Steeped in Tradition: The Gingerbread House

Well.  Here it is.  December! 

I thought that this year, I would share some of our longstanding family holiday traditions with you all each Thursday during December.  I like following tradition during the holiday season -- because it ties us to memories of holidays past.  I don't like following tradition, though, for the simple sake of tradition.  I don't mind mixing things up . . . leaving things out . . . or adding new things to the holiday jumble, either.  (It was one of the most liberating moments of my holiday-self when I realized I did NOT have to drag my children to The Nutcracker EVERY year. . . just because it had become a tradition!)


So.  Let me begin with the Gingerbread House.

It all started. . . back in 1992. . . when Brian was a tiny baby and Erin was a toddler.  And I got roped into attending a Pampered Chef party.  I ended up ordering this. . .

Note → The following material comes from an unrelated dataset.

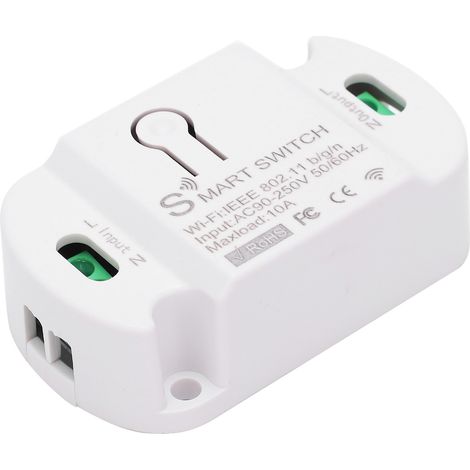 Interrupteur intelligent Wi-Fi avec télécommande marche/arrêt, commande vocale et minuterie pour éclairage, ventilateurs, téléviseurs et appareils électroménagers. Alimentation : 90-250 V CA. (1/5)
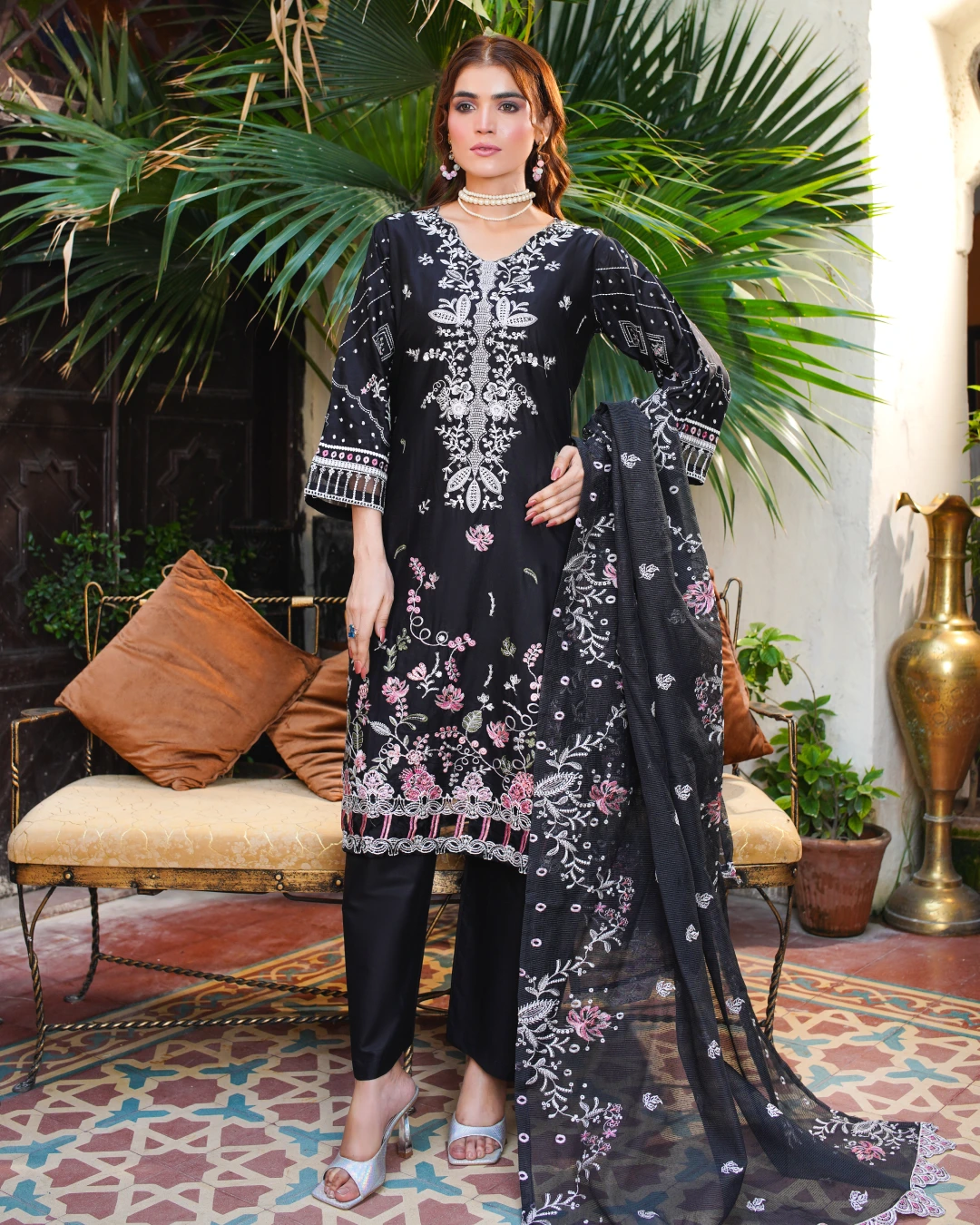 Black Embroidered Lawn Suit Multi-Color Thread Work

a cute little gingerbread house mold.  I had never made a gingerbread house before, but I thought it might be fun.  The little mold makes great gingerbread building materials!


And, so, as my kids grew up, we started building gingerbread houses every year.  My mom used to come over and we'd do two houses --- one for her to display at her house, and one for us to display at our house.  One year, when Brian was an exuberant 3-year-old, I remember him working in tandem with Nanny on a gingerbread house -- and in his enthusiasm, he stuck a candy on so hard that he mashed the whole house in and we had to start all over!  (My mom has a LOT of patience.  She may have whimpered, but she kept a stiff upper lip!)


Brian's interest in the gingerbread house building waned as he grew older, but Erin was always a willing participant.  In fact, over the years, she hosted many a gingerbread-decorating party for her friends.  When she was a young host, we used to make gingerbread houses from graham crackers with a base of small milk cartons (this works great!), but as she got into high school, she used to invite fewer friends and use the little gingerbread mold to make all the pieces for her pals.


Despite her love for the gingerbread house decorating concept, though, Erin really wasn't that into the decorating of the houses!  Erin has never been "crafty"; she likes doing. . . she's not big on making.  So she always tended to lose interest once the house was assembled and the basic candy-placement was complete.  In fact, her houses always looked a bit like a candy factory had exploded!

Which brings us to this year.  Erin was home for a few days at Thanksgiving (she won't be home for Christmas, however) -- so we decided to drag out the gingerbread mold and make a couple of houses. 


Royal icing is the glue that holds the pieces of the gingerbread house (or graham crackers!) together.  (Don't even ask how much trouble we had separating the egg whites. . .)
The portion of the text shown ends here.